**Data for this exercise**
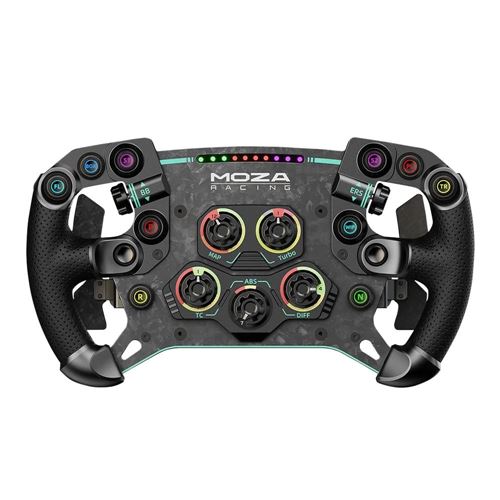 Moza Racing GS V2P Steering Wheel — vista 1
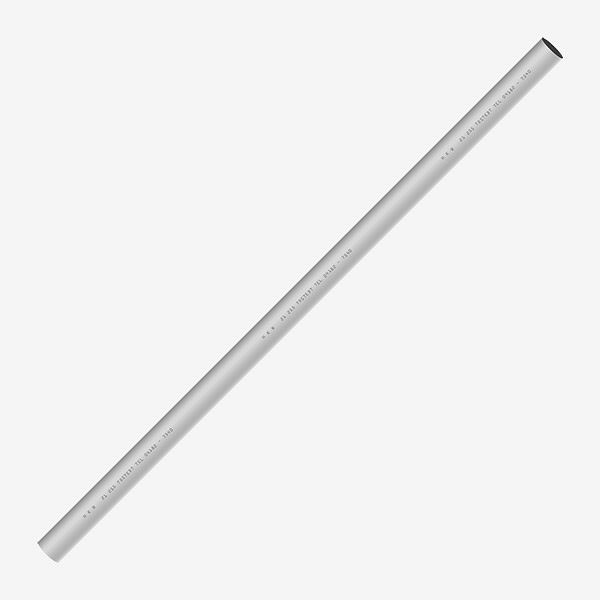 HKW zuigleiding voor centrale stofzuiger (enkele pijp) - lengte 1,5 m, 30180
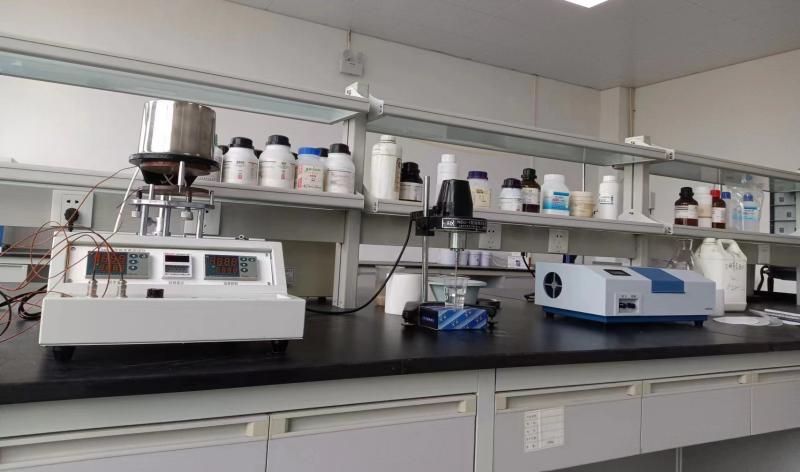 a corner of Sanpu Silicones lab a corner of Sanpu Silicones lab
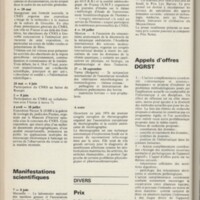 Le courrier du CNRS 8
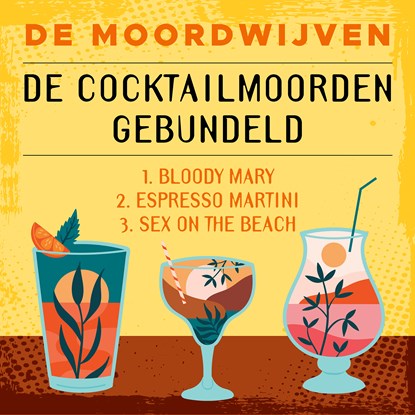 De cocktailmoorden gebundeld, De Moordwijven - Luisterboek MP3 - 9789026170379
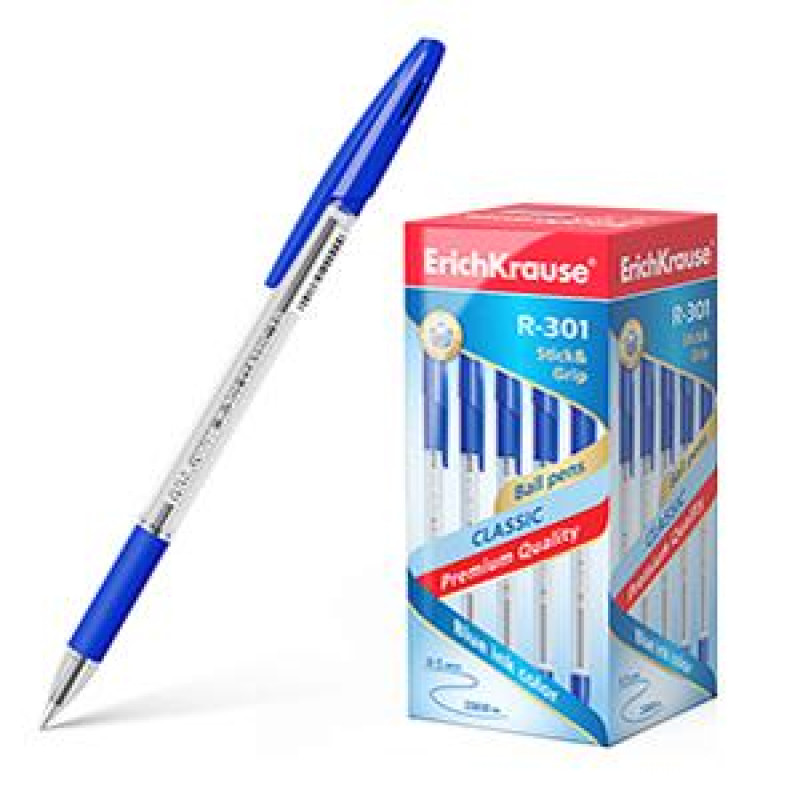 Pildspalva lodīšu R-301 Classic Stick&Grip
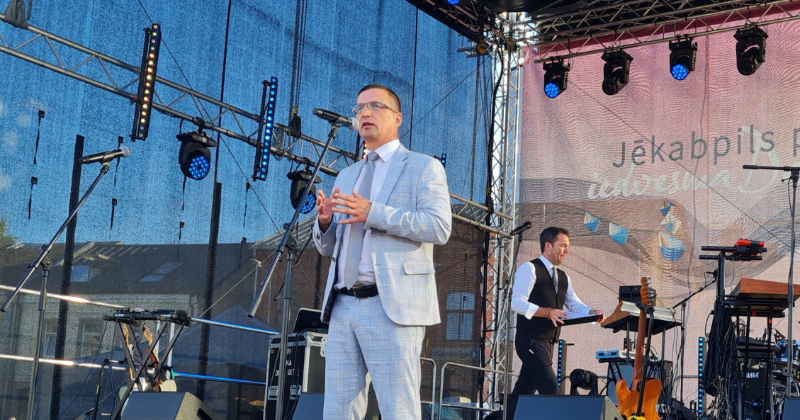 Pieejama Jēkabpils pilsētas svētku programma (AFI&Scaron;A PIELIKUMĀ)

**Requirement**
Across the whole listing, reproduce each line verbatim and exclude every picture.

**Result of the exercise**
 Moza Racing GS V2P Steering Wheel — vista 1
 HKW zuigleiding voor centrale stofzuiger (enkele pijp) - lengte 1,5 m, 30180
 a corner of Sanpu Silicones lab a corner of Sanpu Silicones lab
 Le courrier du CNRS 8
 De cocktailmoorden gebundeld, De Moordwijven - Luisterboek MP3 - 9789026170379
 Pildspalva lodīšu R-301 Classic Stick&Grip
 Pieejama Jēkabpils pilsētas svētku programma (AFI&Scaron;A PIELIKUMĀ)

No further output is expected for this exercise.